Mode und Literatur – zwei die zusammen passen wie eine Ausstellung im TextilTechnikum zeigt

Auf der Suche einer Verbindung zwischen Literatur und Textilien fällt einem am ehesten noch das Kopfkissen ein, mit dem man beim Lesen seinen Kopf stützt. Doch dass es da noch wesentlich mehr gibt, zeigt ab Sonntag, 21. Mai,  die Ausstellung „fashion&fiction“ zunächst im TextilTechnikum.

Die Ausstellung „fashion&fiction“ ist ein Projekt des TextilTechnikums unter der Leitung von Dr. Rita Mielke und in Zusammenarbeit mit der Hochschule Niederrhein.

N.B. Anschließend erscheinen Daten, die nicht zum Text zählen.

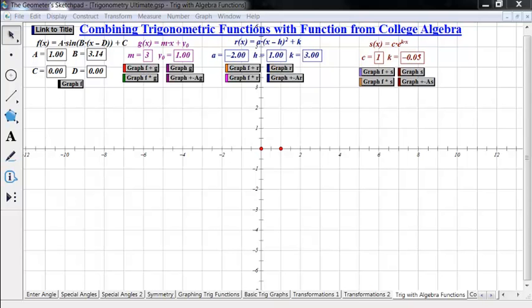Today we're going to be talking about combining trigonometric functions with some other functions from algebra — specifically linear, quadratic, and exponential functions. We're going to combine these by adding and by multiplying.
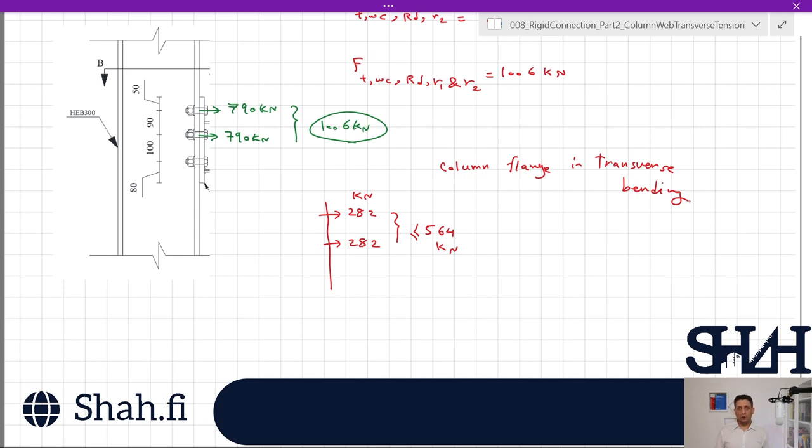That was the end of this video. We went through the column web in transverse tension, determined the reduction factor omega and the beta value, and calculated the resistance. We noted that the column web has more capacity than the column flange in transverse bending — though these values are specific to this example. In the next video we will go through the end plate under bending and calculate its resistance. Thank you for watching — see you next time!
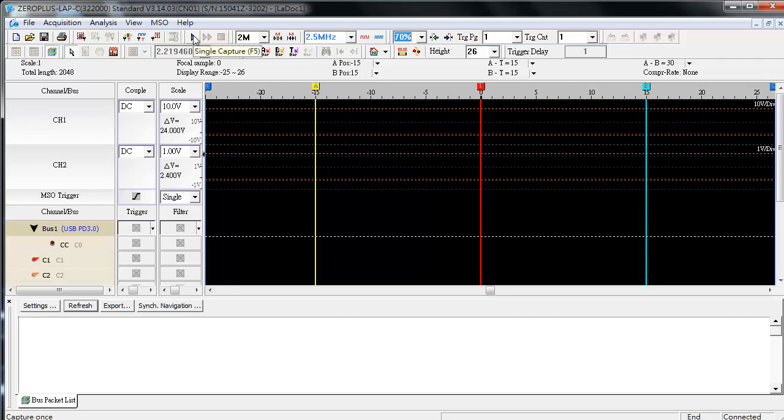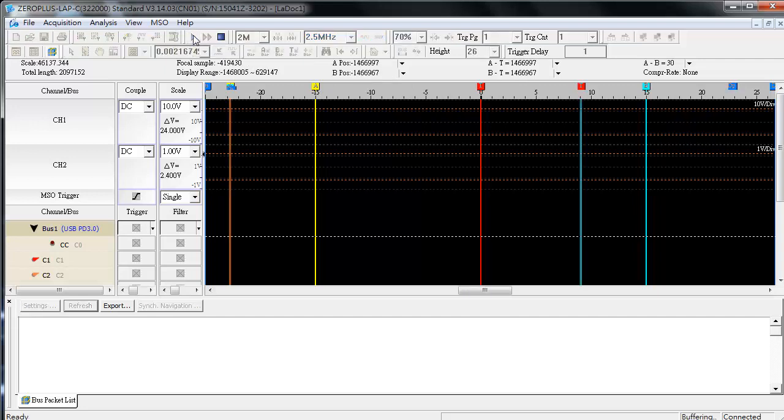Push the Single Capture icon. Push the Reset button of DI USB PD EVM.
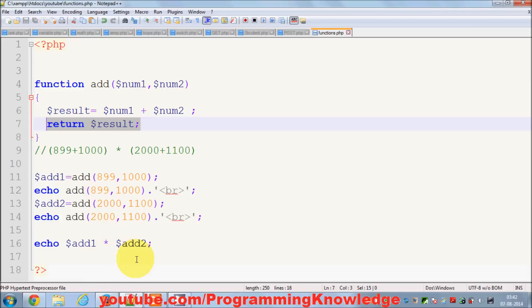I hope you have understood the concept of return values in functions. I hope you enjoyed this video — please write a comment and subscribe. Bye for now.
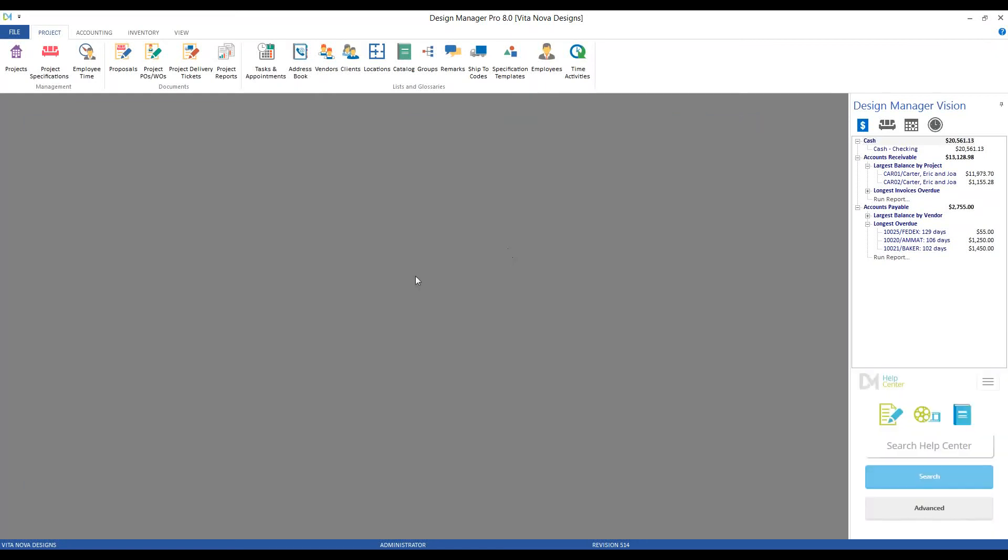Great, so we've got our funds in, so our cash flow is adequate, and it would be really indeed time to make our purchase orders. Back on our project tab under documents, the next option is for our project purchase orders.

Die Ausstellung „fashion&fiction“ ist ein Projekt des TextilTechnikums unter der Leitung von Dr. Rita Mielke und in Zusammenarbeit mit der Hochschule Niederrhein. Ein knappes Semester lang konnten sich dort Studenten aus den Textpassagen aus den Werken Sibylle Berg „Ein paar Leute suchen das Glück und lachen sich tot“, Noelle Châtelet „Es geschah in Schöneberg“ , Renate Kaiser „Miri maßgeschneidert“ und Monika Peetz „Die Dienstagsfrauen“ eine heraussuchen und diese in verschiedenen Bereichen in Arbeiten umsetzen. Dabei sind Modeillustrationen, Moodboards, Gewebe, Musterstücke, Entwürfe und Modelle entstanden. Natürlich spielen Mode und Textilien dabei auch inhaltlich in den jeweiligen Textpassagen eine Rolle. Erstaunlich ist jedoch, wie unterschiedlich die Interpretationen in den verschiedenen Arbeiten ausfallen und welche Ergebnisse dabei entstanden sind. So finden sich bei den Illustrationen fast klassische Modeillustrationen, aber auch welche, die in den Bereich Comic oder Manga gehen. Zu sehen sind in der Ausstellung zum Beispiel auch Kleidungsstücke und die Entwürfe für Kissenbezüge. Auch das Logo der Ausstellung ist von den Studierenden selbst entworfen worden. Für den Besucher dieser besonderen Ausstellung in der Ausstellung gibt es dazu noch etwas zu entdecken: eine mobile Hörstation. Hier können Besucher sich insgesamt zwei Dutzend kurze Hörproben mit drei bis fünf Minuten langen literarischen Textauszügen, alle natürlich mit Bezug zur Mode, anhören. Die Konstruktion einer Art Sounddusche ermöglicht es dabei, darunter selber alles gut hören zu können. Das Umfeld nimmt kaum etwas wahr.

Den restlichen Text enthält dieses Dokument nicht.